Columbus Museum of Art Establishes Endowment to Sustain Legacy of Acclaimed Artist Aminah Brenda Lynn Robinson

Columbus philanthropists Donna and Larry James seed new endowment with $25,000 gift

Aminah Robinson, 2007
Photo by Gary Kirksey

COLUMBUS, Ohio – Columbus Museum of Art (CMA) is proud to announce the launch of the Aminah Robinson Legacy Endowment and Resource Fund to preserve and promote the groundbreaking artist’s vision for future generations. When Robinson died in 2015, she entrusted her estate, including her studio and home, to the Museum. CMA subsequently established the Aminah Robinson Legacy Project to grow awareness of Robinson’s life and work, ensuring its place in the pantheon of influential 20th- and 21st-century American art.

The new Aminah Robinson Legacy Endowment and Resource Fund ensures the Museum’s ability to continue the critical work established through the Legacy Project and the expansion of Robinson’s national profile. An inaugural gift of $25,000 towards the fund has been given by Donna and Larry James of Columbus. The Museum plans to raise $500,000 over each of the next two years, with a goal to reach $1 million by 2025, the 10th anniversary of Robinson’s death. The funds will support the ongoing care and long-term capital needs of Aminah’s house and studio; Aminah Robinson Residency and Fellowship programs; related exhibitions, publications and public programs; and the development of the new Aminah Robinson Library and Archives to be housed at the Pizzuti Collection of the Columbus Museum of Art.

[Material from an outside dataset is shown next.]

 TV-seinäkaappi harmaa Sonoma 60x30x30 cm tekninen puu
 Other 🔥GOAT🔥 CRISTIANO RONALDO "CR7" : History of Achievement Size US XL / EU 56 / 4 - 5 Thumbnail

“We thank Donna and Larry for their leadership in launching this important endowment,” says Deidre Hamlar, director of the Aminah Robinson Legacy Project. “Their meaningful gift helps secure Robinson’s significant work and enables the Museum to continue to share her story and accomplishments with future audiences.”

Successes of the Legacy Project to date include CMA’s organization of the award-winning exhibition and catalog Raggin’ On: The Art of Aminah Brenda Lynn Robinson’s House and Journals; the renovation and long-term care of the artist’s house and studio; the establishment in 2020 of two national African American artist and writers’ residencies and a local African American artist fellowship in partnership with the Greater Columbus Arts Council; and the ongoing documentation, conservation and preservation of Robinson’s work and digitalization of her writing and journals.

“The Columbus Museum of Art is committed to the ongoing stewardship of Aminah Robinson’s embracing legacy,” said Museum executive director and CEO Nannette Maciejunes. “As a Columbus native and national treasure, Robinson will always be present in CMA’s galleries, the foremost U.S. destination for visitors to experience her profoundly inspiring work.”

For more information about the Aminah Robinson Legacy Project, including details on how to contribute, please contact Deidre Hamlar, director of Aminah Robinson Legacy Project, or Gabriel Mastin, leadership giving officer, at the Columbus Museum of Art: or

About Aminah Brenda Lynn Robinson
Born in 1940, Robinson was raised in Columbus, Ohio, first in Poindexter Village and then in the Shepard neighborhood. She eventually purchased her own home in Shepard in 1974 where she resided for the rest of her life. Throughout her life and career, Robinson documented stories about historic Columbus neighborhoods and her family’s ancestral African roots. Robinson’s diverse body of work is about building bridges and making connections between the past and present, across continents and between the physical and spiritual worlds.

In 2004 Robinson was named a MacArthur Fellow, recognizing her lifetime of art making and its cultural importance. In 2021 Robinson was featured in Overlooked, a series of obituaries about remarkable people whose deaths originally went unreported in the New York Times, and in 2022 she was recognized as a “Great Ohioan” by the Capitol Square Foundation. Robinson’s work has been the subject of several major national exhibitions.